John Russo, coordinator of labor studies at Youngstown State University, sees the discussion being driven by frustration over high unemployment, which his research puts far higher than the official figure when the discouraged and underemployed are counted.

“I would argue to you we are in a depression,” he said. “There is an enormous amount of discontent and they are looking for answers. Obama’s speech was an attempt to find a middle road through this with tax cuts and helping small business people.”

A national poll of 1,200 likely voters jointly conducted by Democrat pollster the Mellman Group and Republican pollster Ayres, McHenry & Associates found that when given an “either/or” choice, 29 percent wanted Washington to focus on deficit reduction while 67 percent favored job creation.

Creating manufacturing jobs was the top priority selected for Obama and respondents rejected the idea that high tech or service jobs could replace manufacturing.

More importantly, the poll said, there’s intensifying bipartisan agreement for “Buy American” policies and ending trade that favors foreign goods.

“What this survey demonstrates is Americans believe a strong manufacturing sector is a central requirement of a strong economy,” pollster Mark Mellman said Thursday. “The public is willing to take a wide variety of measures to strengthen manfuacturing because they realize it is central to our economic health.”

In his State of the Union, manufacturing revival was the president’s unifying theme.

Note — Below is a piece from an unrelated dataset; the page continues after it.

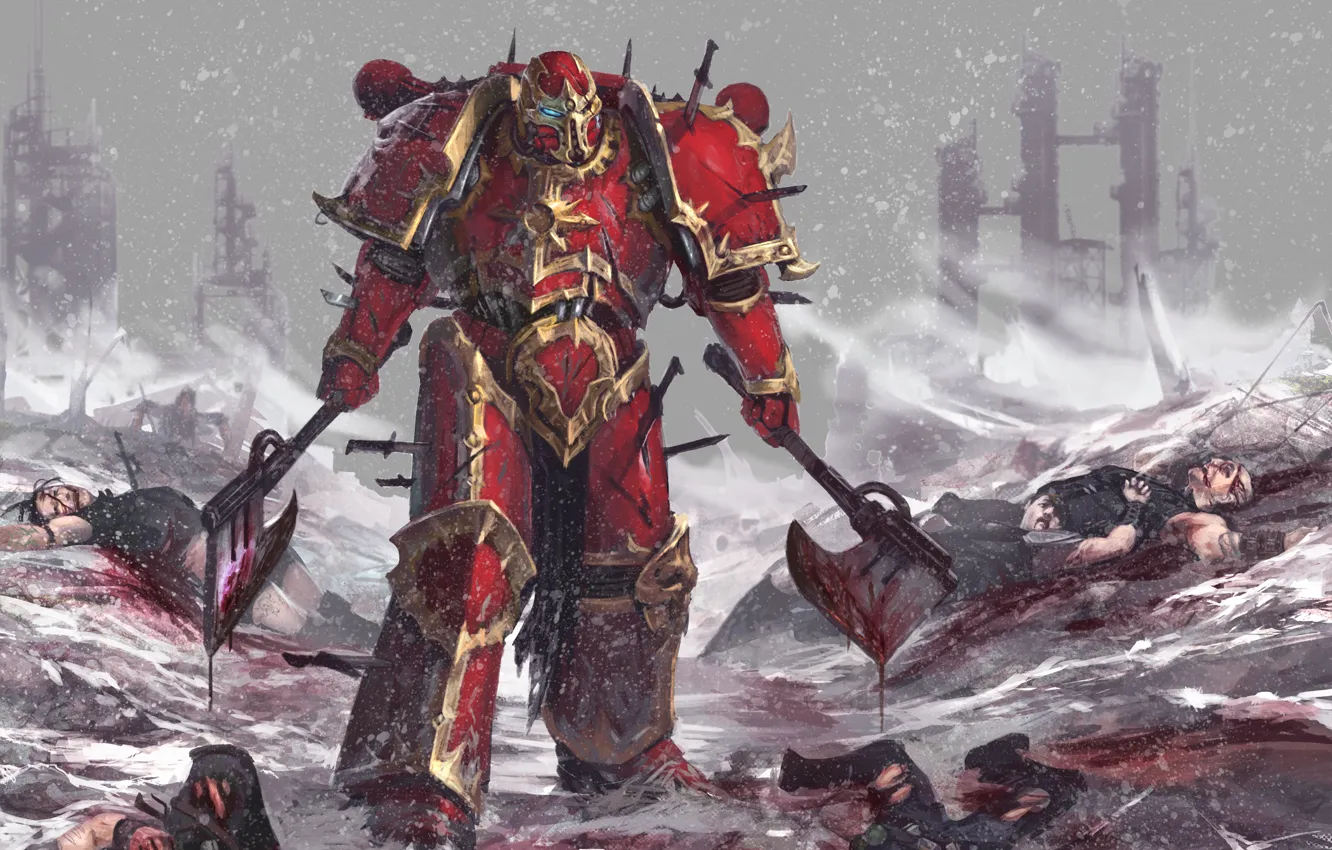 Photo wallpaper snow, weapons, warrior, ruins, Warhammer, corpses, power armor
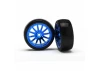 Traxxas 12-Sp Blue Wheels - Slick Tires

He proposed a policy shift to change tax laws to reward companies bringing jobs back to the U.S. and eliminate tax breaks for companies that shift business offshore.

But for Ohio, the challenge is great given the magnitude of losses and slow pace of recovery. The Ohio Department of Job and Family Services reported in January that in 12 months, nonfarm wage and salary employment grew by 72,400, with manufacturing’s share at 18,300 jobs.

However, an encouraging study last year by The Boston Consulting Group, a global management consulting firm, highlighed favorable trends. It concluded that within the next five years, “the United States is expected to experience a “manufacturing renaissance” as the wage gap with China shrinks and certain U.S. states become some of the cheapest locations for manufacturing in the developed world.”

The study predicted less labor-intensive products made in modest volumes are most likely to return to domestic production, such as household appliances and construction equipment. It said labor-intensive goods produced in high volumes, such as textiles, apparel, and TVs, would likely continue to be made overseas.